** BRIEF **
Find the line containing "Mexen Rivel vonios" in the entries; transcribe it and all remaining lines through the end, exactly as they appear, but not the pictures.

----- PROVIDED MATERIAL -----

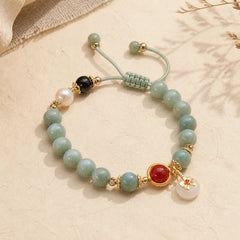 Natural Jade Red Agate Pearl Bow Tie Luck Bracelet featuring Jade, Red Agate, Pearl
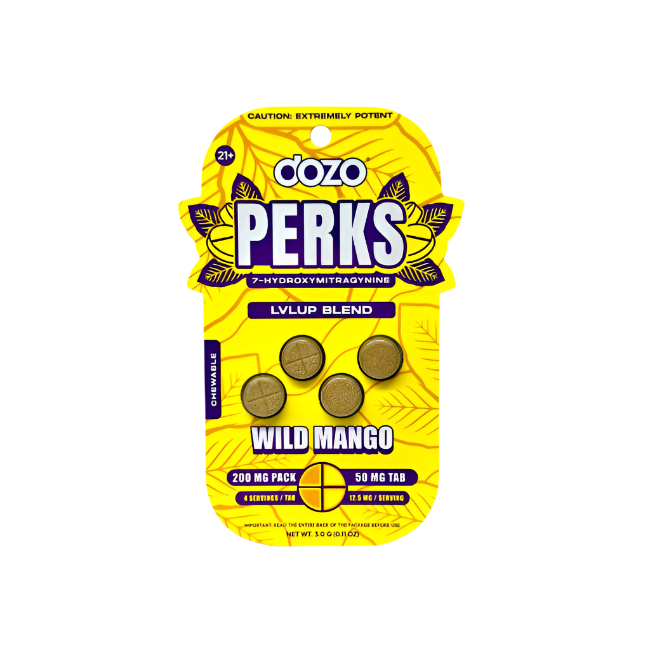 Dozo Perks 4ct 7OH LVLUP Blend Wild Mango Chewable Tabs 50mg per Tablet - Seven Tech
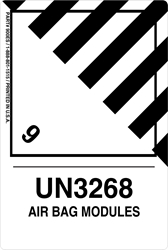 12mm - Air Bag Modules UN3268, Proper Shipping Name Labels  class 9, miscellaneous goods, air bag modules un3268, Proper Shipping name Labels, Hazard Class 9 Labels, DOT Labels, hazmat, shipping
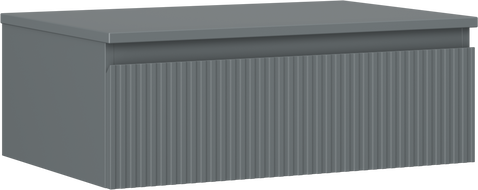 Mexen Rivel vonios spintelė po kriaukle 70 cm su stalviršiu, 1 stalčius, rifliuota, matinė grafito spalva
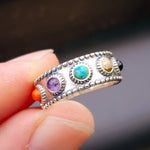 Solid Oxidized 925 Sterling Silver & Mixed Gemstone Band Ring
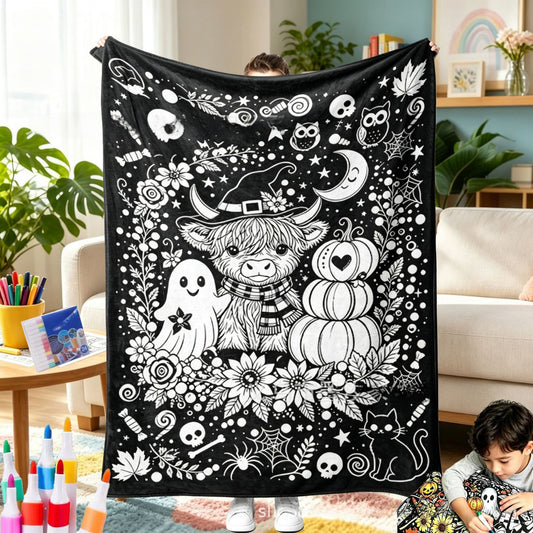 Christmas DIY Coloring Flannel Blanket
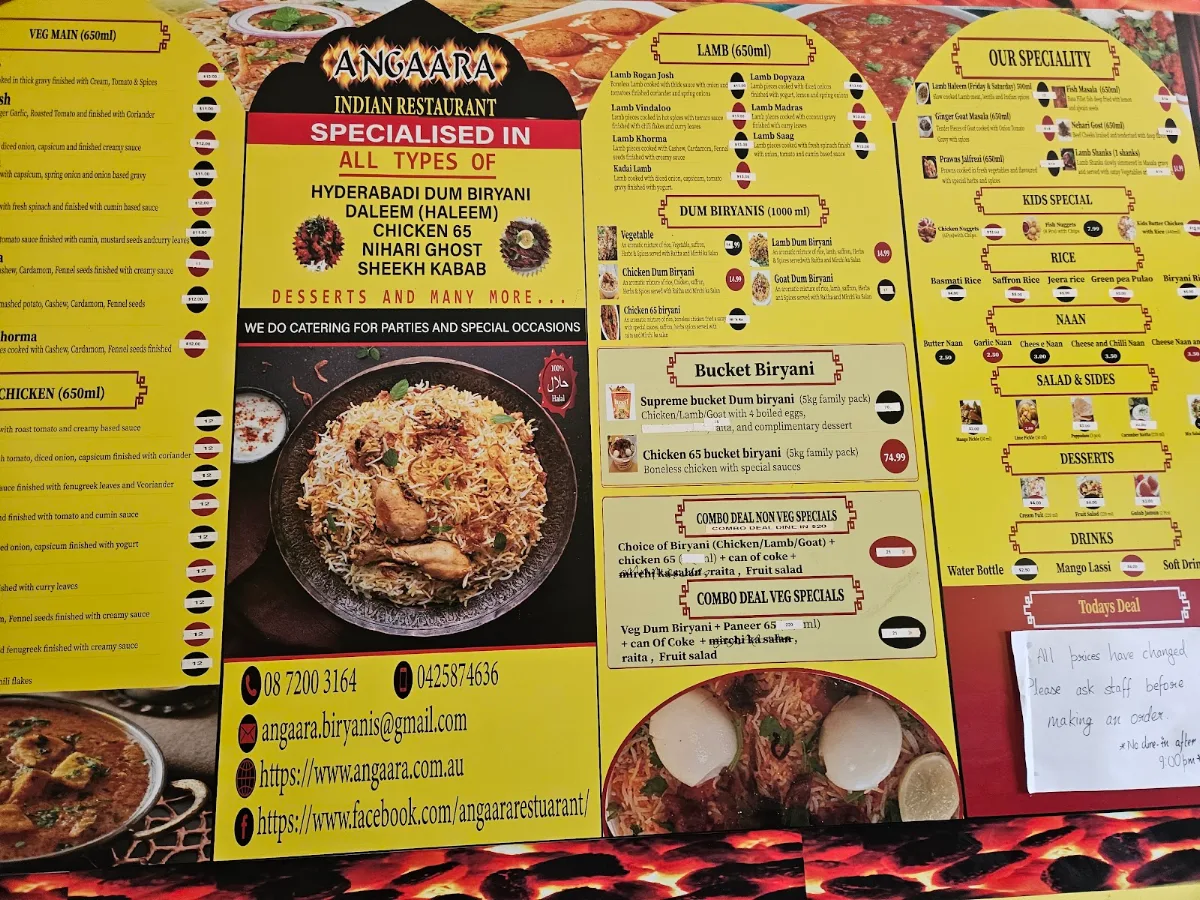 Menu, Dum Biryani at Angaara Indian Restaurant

-----

** FINISHED EXERCISE **
 Mexen Rivel vonios spintelė po kriaukle 70 cm su stalviršiu, 1 stalčius, rifliuota, matinė grafito spalva
 Solid Oxidized 925 Sterling Silver & Mixed Gemstone Band Ring
 Christmas DIY Coloring Flannel Blanket
 Menu, Dum Biryani at Angaara Indian Restaurant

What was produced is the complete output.